# Data shown
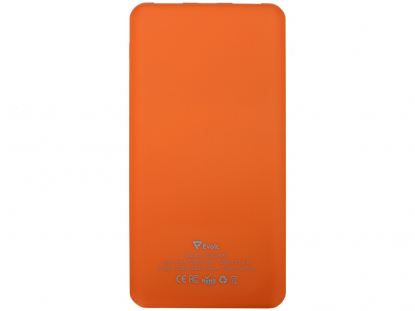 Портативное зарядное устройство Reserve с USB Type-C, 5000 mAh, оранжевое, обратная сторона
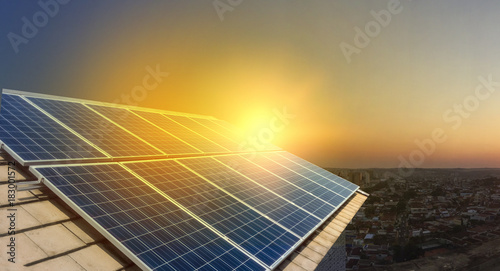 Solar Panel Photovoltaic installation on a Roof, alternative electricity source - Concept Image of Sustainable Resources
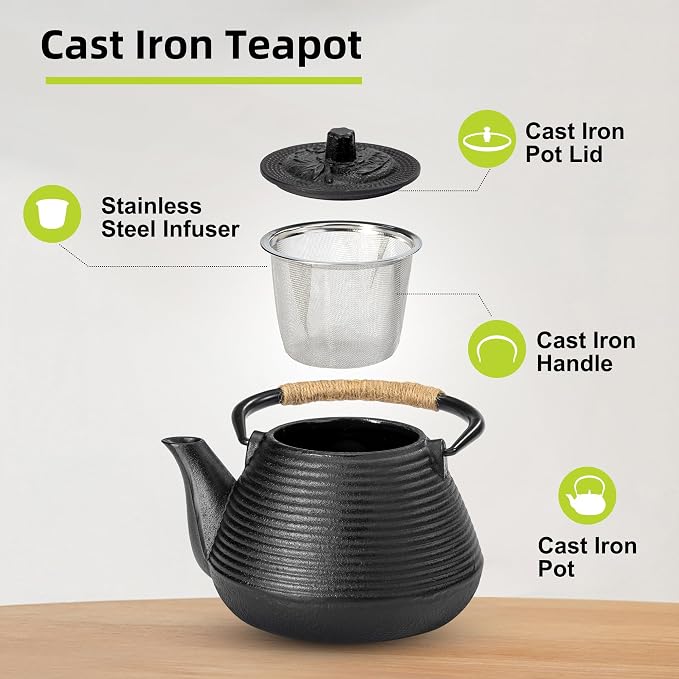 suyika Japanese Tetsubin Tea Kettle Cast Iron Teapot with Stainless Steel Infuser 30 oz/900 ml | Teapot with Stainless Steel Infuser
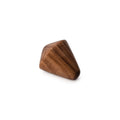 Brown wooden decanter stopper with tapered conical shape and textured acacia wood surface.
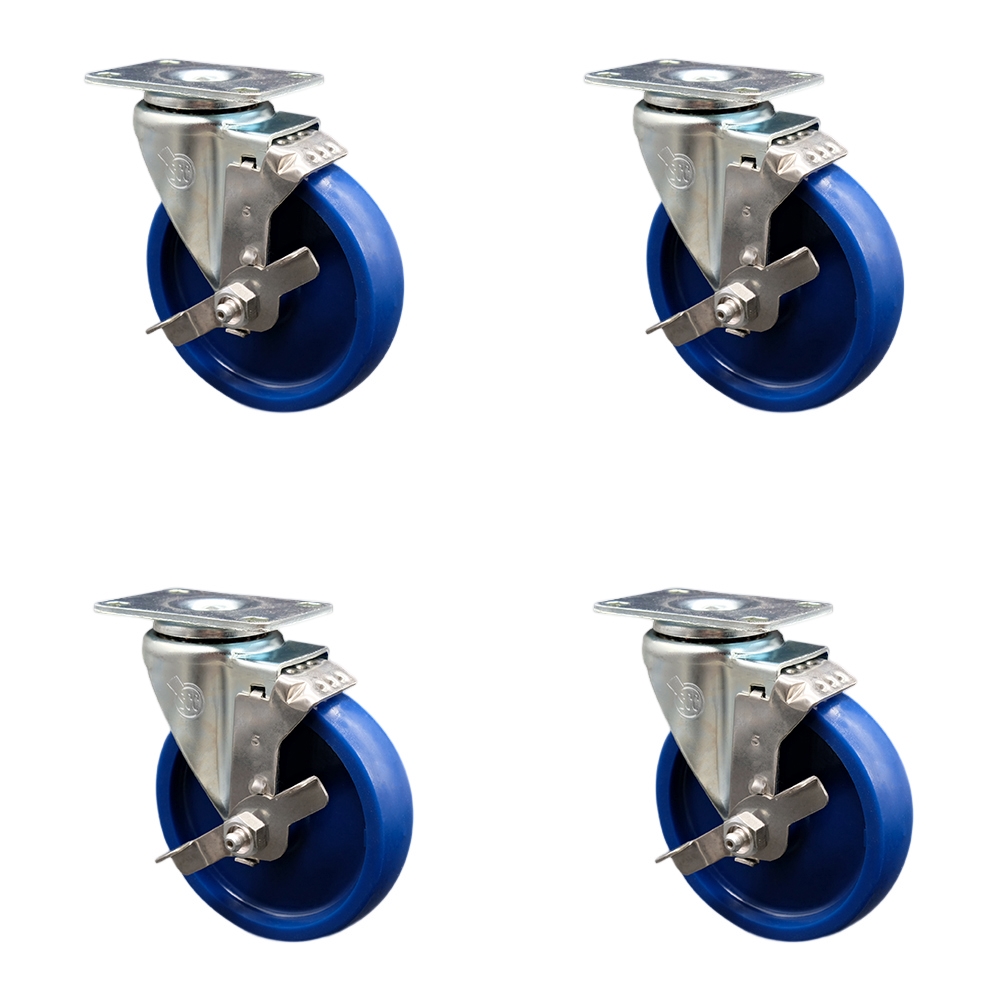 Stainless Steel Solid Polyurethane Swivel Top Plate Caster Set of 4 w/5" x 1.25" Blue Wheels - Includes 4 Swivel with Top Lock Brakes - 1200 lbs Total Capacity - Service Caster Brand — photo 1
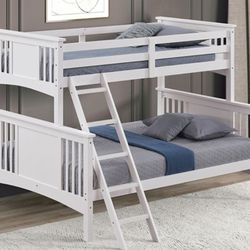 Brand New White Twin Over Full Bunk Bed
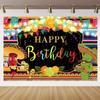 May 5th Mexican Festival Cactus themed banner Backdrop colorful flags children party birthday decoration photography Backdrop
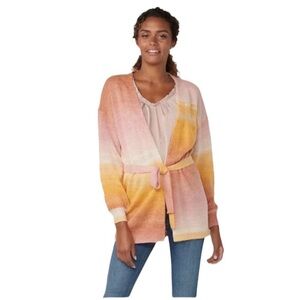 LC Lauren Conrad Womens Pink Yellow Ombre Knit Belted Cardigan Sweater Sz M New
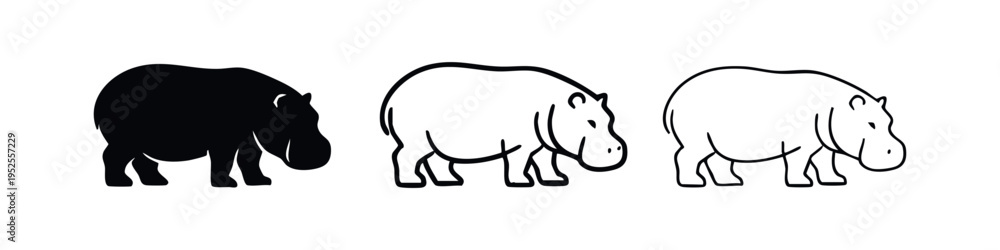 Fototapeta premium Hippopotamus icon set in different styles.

# Task to complete
Your answer must consist of the entries, unchanged, with no pictures in it.

# Answer box
 Портативное зарядное устройство Reserve с USB Type-C, 5000 mAh, оранжевое, обратная сторона
 Solar Panel Photovoltaic installation on a Roof, alternative electricity source - Concept Image of Sustainable Resources
 suyika Japanese Tetsubin Tea Kettle Cast Iron Teapot with Stainless Steel Infuser 30 oz/900 ml | Teapot with Stainless Steel Infuser
 Brown wooden decanter stopper with tapered conical shape and textured acacia wood surface.
 Stainless Steel Solid Polyurethane Swivel Top Plate Caster Set of 4 w/5" x 1.25" Blue Wheels - Includes 4 Swivel with Top Lock Brakes - 1200 lbs Total Capacity - Service Caster Brand — photo 1
 Brand New White Twin Over Full Bunk Bed
 May 5th Mexican Festival Cactus themed banner Backdrop colorful flags children party birthday decoration photography Backdrop
 LC Lauren Conrad Womens Pink Yellow Ombre Knit Belted Cardigan Sweater Sz M New
 Fototapeta premium Hippopotamus icon set in different styles.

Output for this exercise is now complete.